[Opening EXERCISE INPUTS section]
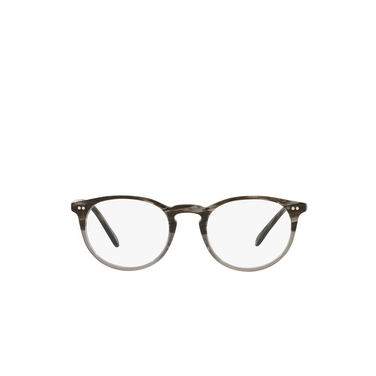 Oliver Peoples RILEY-R Eyeglasses 1002 storm - front view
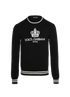 Dolce & Gabbana King Jumper, front view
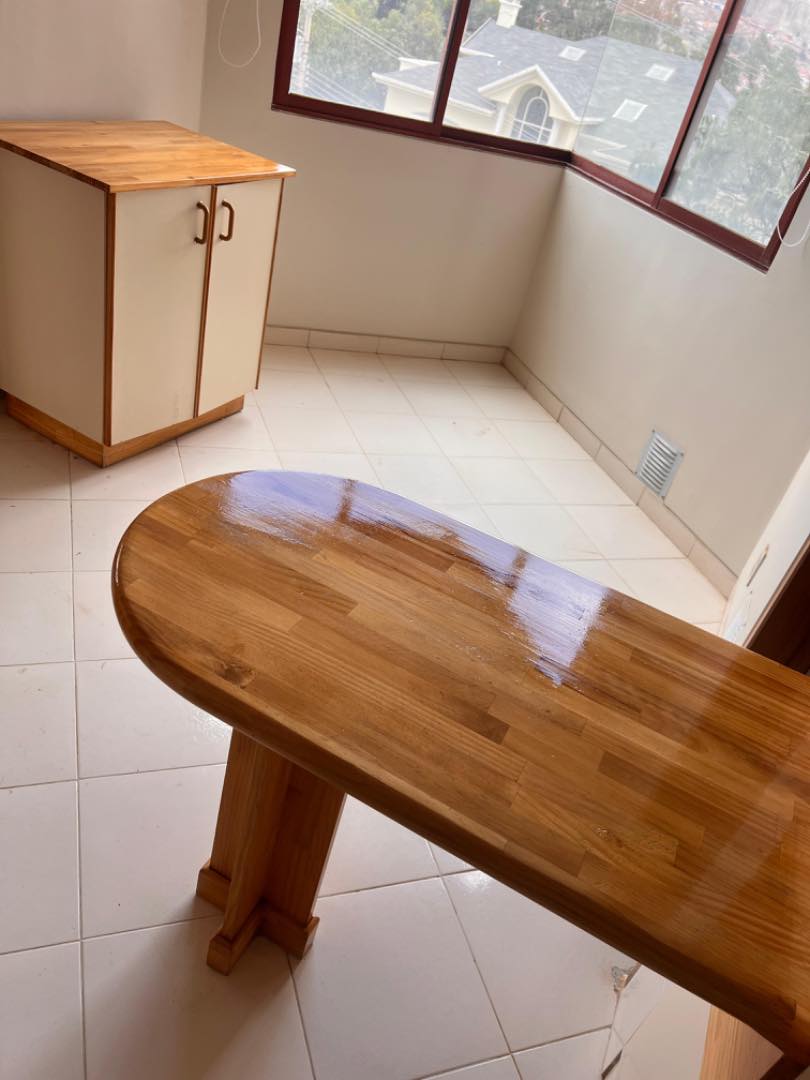 Departamento en San Alberto en La Paz 3 dormitorios 3 baños 1 parqueos Foto 2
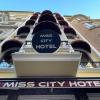 miss city hotel taksim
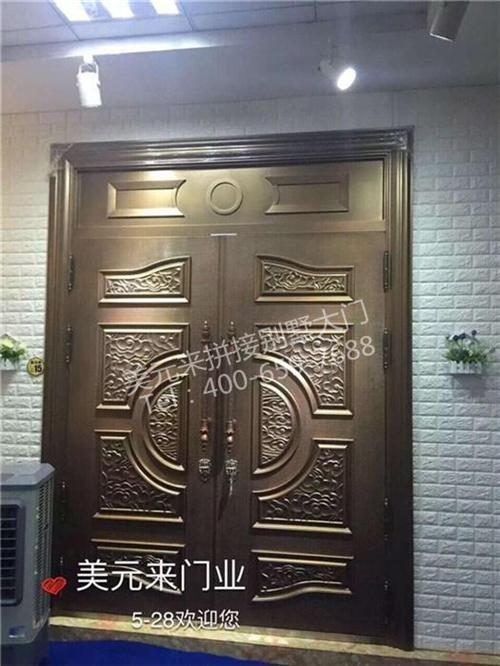 非标进户门、美元来质量可靠、非标进户门  非标进户门厂  非标进户门代理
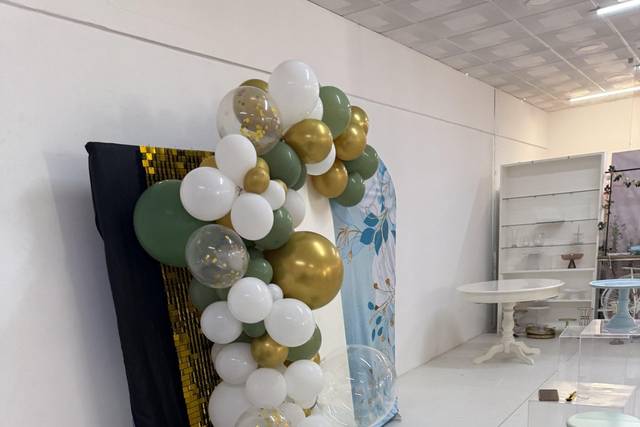 Casamento Lagoa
[Closing EXERCISE INPUTS section]
▸ WHAT TO PRODUCE
Omit the pictures and output all of the other material exactly.

▸ FINAL ANSWER
 Oliver Peoples RILEY-R Eyeglasses 1002 storm - front view
 Dolce & Gabbana King Jumper, front view
 Departamento en San Alberto en La Paz 3 dormitorios 3 baños 1 parqueos Foto 2
 miss city hotel taksim
 非标进户门、美元来质量可靠、非标进户门  非标进户门厂  非标进户门代理
 Casamento Lagoa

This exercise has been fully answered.